The weighted average interest rate on fresh rupee term deposits of banks decreased by 12 basis points to 6.36 per cent in April from 6.48 per cent in March, reflecting that liquidity pressure is easing. This is the first time in the past one year that interest rates have eased both on fresh term deposits as well as fresh rupee loans of banks.
The weighted average lending rate (WALR) on fresh rupee loans of scheduled commercial banks decreased by 23 basis points from 9.32 per cent in March to 9.09 per cent in April.

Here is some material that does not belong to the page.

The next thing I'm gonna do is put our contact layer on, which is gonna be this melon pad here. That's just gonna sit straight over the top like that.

In the same month, the Reserve Bank of India’s Monetary Policy Committee kept the policy repo rate on hold at 6.5 per cent. Sanjay Agarwal, senior director, CARE Ratings, said credit demand moderated in April, the start of the new financial year, over March. That reduced pressure on liquidity and led to interest rates on fresh term deposits easing.
The rise in rates seems to have been arrested for now at the end of May. Deposits coming from the withdrawal of the Rs 2,000 note may improve liquidity. The trajectory of rates on the deposit side will be shaped by the pace of credit offtake, Agarwal added.

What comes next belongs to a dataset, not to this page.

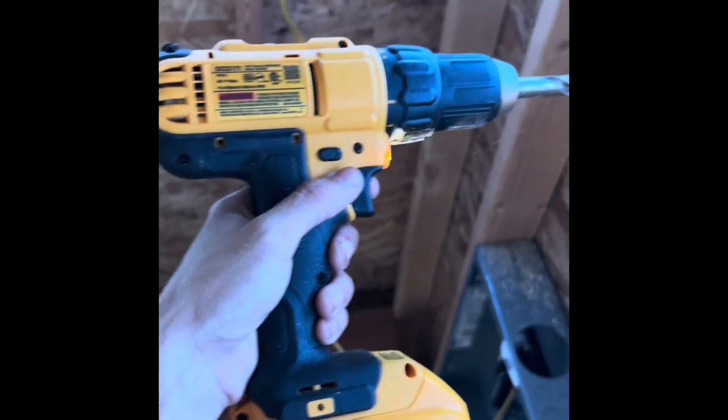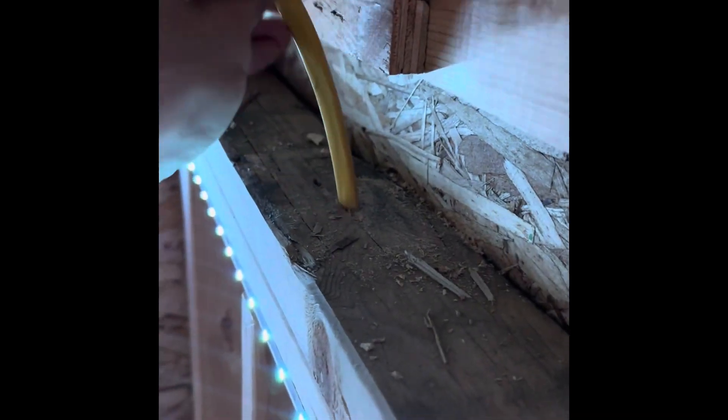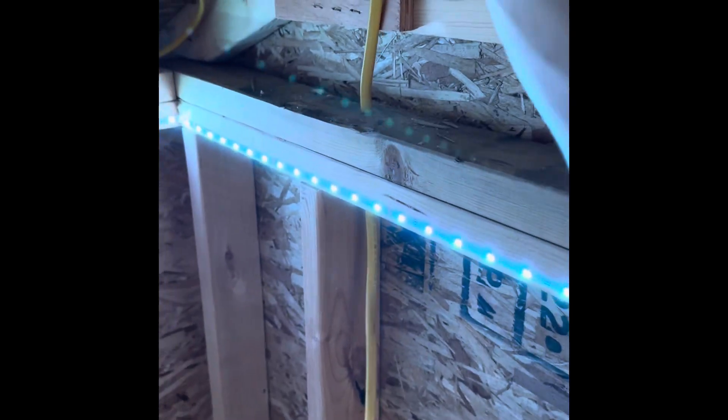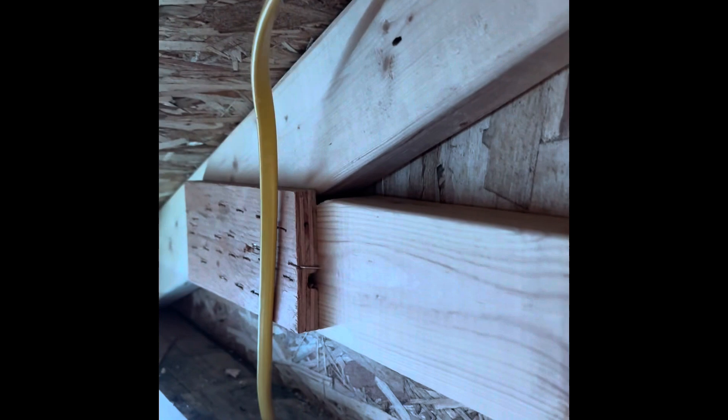The first thing I did was drill a few holes through some of my studs using a DeWalt power drill with a three-eighths drill bit. I could have maybe used a half-inch drill bit, but three-eighths worked fine. It was a little bit of a tight fit getting the wire through the holes — I had to do a little more pulling than I wanted. But I found out quickly that if you just straighten out the wire, it goes through the holes much easier. So I straightened it out all the way up to the roof and continued pulling it through.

However, the weighted average domestic term deposit rate on outstanding rupee term deposits increased by 12 basis points from 6.16 per cent in March to 6.28 per cent in April.
The weighted average lending rate on outstanding rupee loans of SCBs increased by four basis points from 9.72 per cent in March to 9.76 per cent in April. The one-year median marginal cost of fund-based lending rate of SCBs remained unchanged at 8.60 per cent in May.